Luttwak è un realista, calcola che la scelta del nation building afghano costa troppo e «potrebbe richiedere un secolo o due». Le sue analisi raramente tengono conto del fattore umanitario: in questo caso, delle bombe imperfette che uccidono civili, mettono in difficoltà un governo alleato e diventano cattiva stampa per americani e Nato.
Anche ignorando questo aspetto non secondario, anche pensando alla vittoria per la vittoria, se bombardare fosse la soluzione, il problema Afghanistan non sussisterebbe perché lo avrebbero già risolto i russi. Senza un'opinione pubblica cui rendere conto, l'Urss ha bombardato indiscriminatamente l'Afghanistan per 10 anni.
Non aveva i limiti politici degli americani in Vietnam: poteva usare la potenza di fuoco che aveva. Eppure non ha vinto.
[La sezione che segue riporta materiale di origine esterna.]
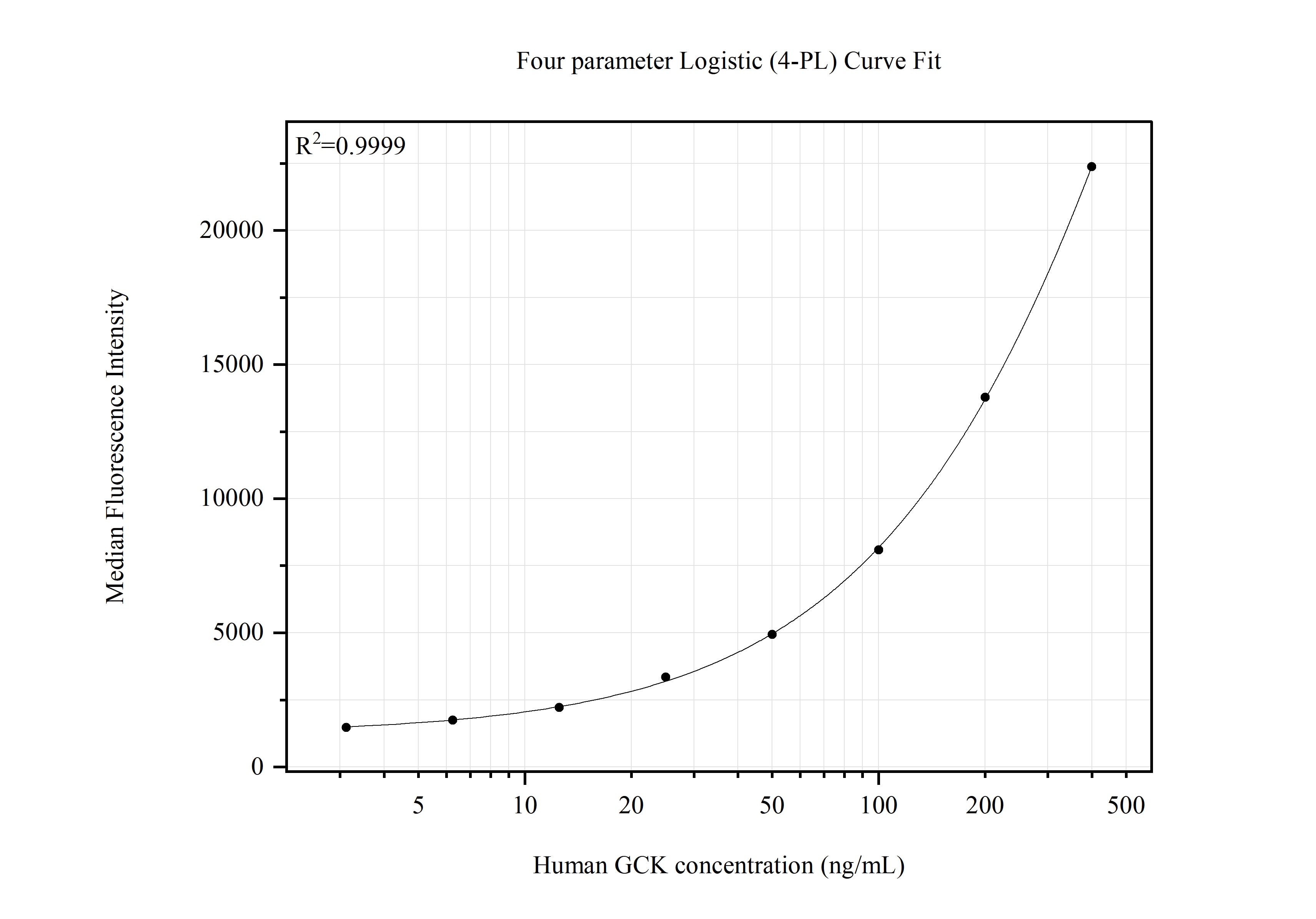 Cytometric bead array standard curve of MP51666-1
Anche senza i missili Sting anti-elicottero, che dal 1984 limitarono la superiorità russa, i mujaheddin non potevano essere sradicati dal loro territorio.
Nel XX secolo vietcong e mujaheddin erano eccezioni di conflitti in gran parte combattuti fra eserciti nazionali o fra guerriglie. Nel XXI, la guerra asimmetrica è una regola: eserciti nazionali contro milizie religiose, di partito o etniche. In Abkhazia l'esercito russo travolge quello georgiano e un conflitto vecchio stile finisce in tre giorni.
Nel Sud del Libano l'aviazione più tecnologica del mondo non batte una milizia islamica: bombarda e distrugge tutti i possibili obiettivi ma fino a che non arriva la fanteria gli israeliani non sloggiano il nemico da un solo villaggio.
Luttwak sostiene che i bombardamenti dell'estate 2006 sono stati un successo come deterrente: visti i danni, il capo Hezbollah Hassan Nasrallah non provocherà più Israele.
Posto che nessuno scommetterebbe la pensione sulle intenzioni di Nasrallah, quattro anni dopo la guerra Hezbollah è al governo a Beirut, controlla il Libano, è più e meglio armato di prima. Come Hamas a Gaza dopo i bombardamenti dell'anno scorso.
È banale dire che sia sempre meglio avere aerei, elicotteri e droni che esserne senza. Ed è scontato prevedere che talebani, Hamas ed Hezbollah ne riducano l'efficacia facendosi cinicamente scudo con i civili.
Ma queste milizie combattono in casa; spesso casa e campo di battaglia sono lo stesso luogo; totale per Hezbollah o disputabile negli altri due casi, godono di consenso popolare. La soluzione del problema è anche militare ma soprattutto politica.
Stabilita la difficoltà di un dialogo diretto con Hamas ed Hezbollah, la forza di queste milizie può essere aggirata cambiando il quadro diplomatico del Medio Oriente: per esempio, ingaggiando la Siria in una reale trattativa di pace.
Il nation building afghano non dura un secolo se non si pretende che a Kabul nasca un parlamento come i nostri, con maggioranza, opposizione, alternanza e divieto di burqa. Vincere bombardando richiede più tempo. Sempre che qualcuno non dia l'ordine negato nel 1954 a LeMay.

IL DIBATTITO
Sul Sole 24 Ore del 25 febbraio,Edward Luttwak ha affermato che, nel conflitto afghano gli Stati Uniti non stanno dando adeguato peso alla propria potenza aerea. Invece di raddoppiare le forze sul terreno, farebbero meglio «riesumare i bombardamenti strategici, armando fino ai denti i molti nemici dei talebani» e impiegando adeguati «bombardamenti aerei per attaccare i talebani ogni volta che si riuniscono in forze». Dopo averle provate tutte, conclude Luttwak, «è probabile che Obama arriverà» a questa opzione.